The next version of Android sees a radically different user interface – a ‘material design’ that will slowly make its way into all of Google’s products. Some commentators have complained about a lack of new functions – or that this mimics iOS 8 or this looks like Windows 8 Mobile – but it’s a real representation that design is the only real difference between the three main phone platforms. And is the difference that really matters the most.

So why is it called ‘material design’? Most people in the design industry would call this ‘experience design’: how a product and/or service lets you do what you want to do by interacting with both hardware and software (including apps) – and how those let talk with things from the rest of the world whether that be online data (from Facebook and email to what’s in your bank account) or other hardware devices (such as thermostats).

However, 'experience design’ is a phrase associated very much with Apple, but – more importantly – experience design includes product design and unlike the iPhone maker, Google doesn’t design of the hardware. Google’s material design has been crafted to work primarily on hardware designed by Samsung, HTC, LG et al.

Is ‘material design’ a return to skeumorphic design?

Google says that the way you use its 'material design’ resembles the way you do things in the real world, which some initially pointed out shouting 'skeumorphic design’ like a child trying to win points in class, claiming this as some kind of difference between Android L and iOS 8.

The truth is that they’re both as skeumorphic as each other – neither has what ignorant bloggers were banging on about when they rushed off posts last year about Apple killing 'skeumorphic design’ with iOS 7, i.e. getting rid of visual representations that are pulled from the real world: shaded buttons and green baize backdrops. In truth, this is only one aspect of the skeumorphism; it’s really about digital things mimicking the way things work in the real world, not how they look – those are just visual cues to help you understand how it works.
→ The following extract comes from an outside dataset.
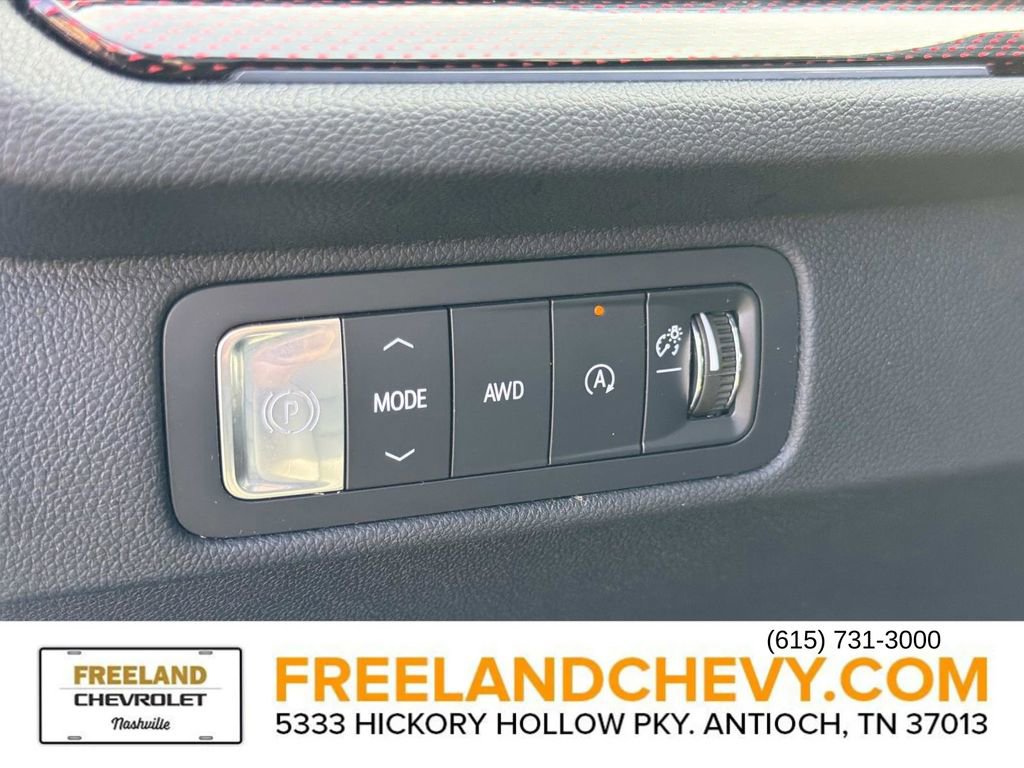 Used 2025 Chevrolet Traverse Z71 w/ Driver Confidence Package image 27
The design of how Android L, iO8 and Windows Phone 8’s interfaces and apps work are largely skeumorphic. Despite it being quicker and easier to include groups, sending an email is intrinsically like sending a letter. The process of playing music on your Galaxy S5 isn’t very different to playing CDs, cassettes or even vinyl – you just don’t have to root through your discs like an old-skool DJ. Messenger is a conversation, just with people who aren’t there and emoticons standing in for traditional non-verbal communication. Your phone’s camera is a camera.

What is 'material design'?

What Google really means by ‘resembling the way you do things in the real world’ is using visual cues and animation to make it obvious how Android L’s OS and apps work – and to make them feel natural. While the overall look is bright and flat, faux lighting and shadow gives elements depth and make it obvious what you do with them. The way them move mimics real controls: they accelerate, move then decelerate, for example like your car’s steering wheel does when you turn it – so you feel like you’re interacting with real objects. Animation gives meaning to what’s happening, it confirms what you’ve chosen to do is happening and draws attention to what you might want to do next.

What Google’s 'material design' also aims to achieve is a consistent visual and interactive across its Android phones and tablet – plus Chromebooks, TVs and other devices in the future. Google’s design site provides 'best practice’ information for developers, so hopefully Android apps will become more coherent.

The potential digital spanner in the works is that Samsung, HTC et al use their own modified versions of Android – and none have said if they’ll be altering their versions to be a dialect of the new Android design language or keeping consistent with what they have now. Samsung especially likes to pretend it’s never even heard of Android – like a French waiter feigning not to understand English – so it can lull buyers into using primarily Samsung apps, services and stories on Samsung phones and taking an Apple-like cut of the proceeds.

I’d speculate that Samsung and the others will move to versions of Android underpinned by 'material design’ – while still maintaing their own brand identities – to provide consistency when the standard set of Android apps that everyone uses (Facebook, Twitter, Tinder, etc) are given ‘material design’ makeovers.

Why does material design matter?

On the road of phone tech feature development, we’ve kinda pulled into a lay-by. I’ve seen one hardware feature so far this year that’s made me go ‘wow’ – the LG G3’s screen. What differentiates a great phone from a duffer is how easily and intelligently it lets you accomplish a wide range of tasks, many of which are really quite complex when you think about it.

Unless Samsung and HTC and whoever make a mess of their implementation of Android L, Google’s ‘material design’ could be the answer for us iPhone users who find Android devices require too much learning to use – as we’ve been spoiled by iOS.